MrPowers / quinn

pyspark methods to enhance developer productivity 📣 👯 🎉
https://mrpowers.github.io/quinn/
Apache License 2.0
597 stars 93 forks source link

bug/documentation: How is anti_trim meant to work? #227

Closed TomBurdge closed 2 days ago

TomBurdge commented 1 week ago

The anti_trim function says its behaviour is as follows: "Remove whitespace from the boundaries of col using the regexp_replace function"

So, I would expect the function to do just that, restated: remove leading and trailing whitespace from the string. This description sounds much more like "trim" than "anti-trim". So, if I had " I like fish "", I would expect "I like fish"

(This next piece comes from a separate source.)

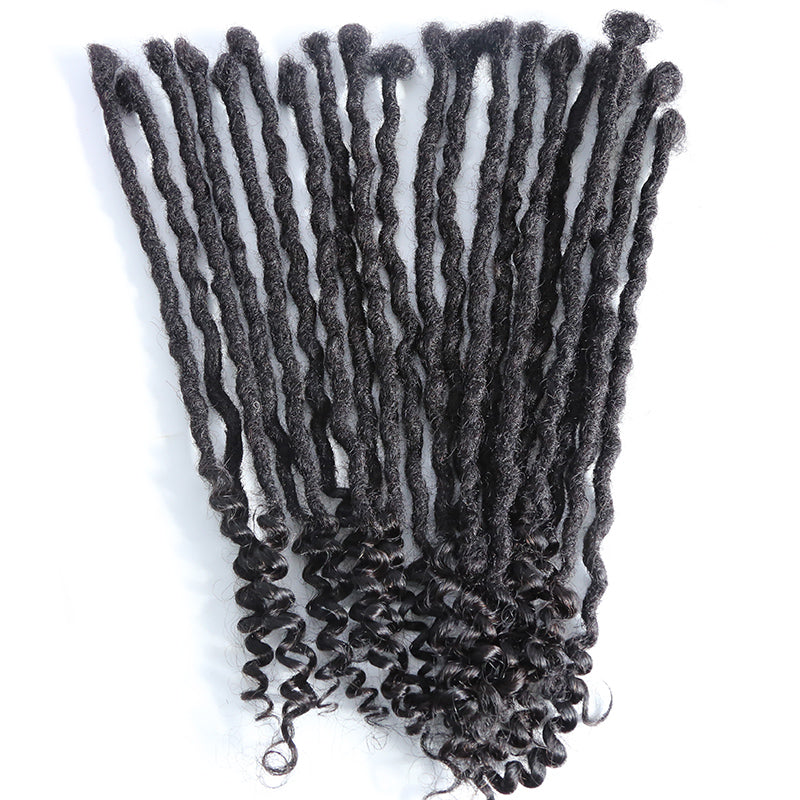 Crochet Locs Human Hair With Curly Ends 0.6 cm Natural Black( #1B )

However, the test for anti-trim for the above string returns " Ilikefish ".

    df = quinn.create_df(
        spark,
        [
            ("  I like     fish  ", "  Ilikefish  "),
            ("    zombies", "    zombies"),
            ("  simpsons   cat lady   ", "  simpsonscatlady   "),
            (None, None),
        ],
        [
            ("words", StringType(), True),
            ("expected", StringType(), True),
        ],
    )
    actual_df = df.withColumn("words_anti_trimmed", quinn.anti_trim(F.col("words")))
    chispa.assert_column_equality(actual_df, "words_anti_trimmed", "expected")

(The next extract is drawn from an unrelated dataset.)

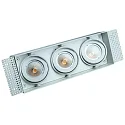 Plafonnier encastré VANYA 3 flammes, angulaire, pivotant, affleurant IP20, blanche gradable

Perhaps this is how it's meant to work? Although I'm not sure about the use case for this transformation if so.

I have raised as bug/docs because I am not sure if either:

  1. The code is working as it should. I am misunderstanding and the docstring could be clearer.
  2. The code is not working as intended, and the test is incorrect.
nijanthanvijayakumar commented 2 days ago

@TomBurdge - I reckon the doc-string for that function is incorrect/not aligned.

If you see what's in README.md for that function, it matches with the functionality implemented.

I will try raising a PR to correct the doc-string.

FYI - @SemyonSinchenko and @MrPowers

nijanthanvijayakumar commented 2 days ago

take

nijanthanvijayakumar commented 2 days ago

Created a PR #231 for updating the doc-string.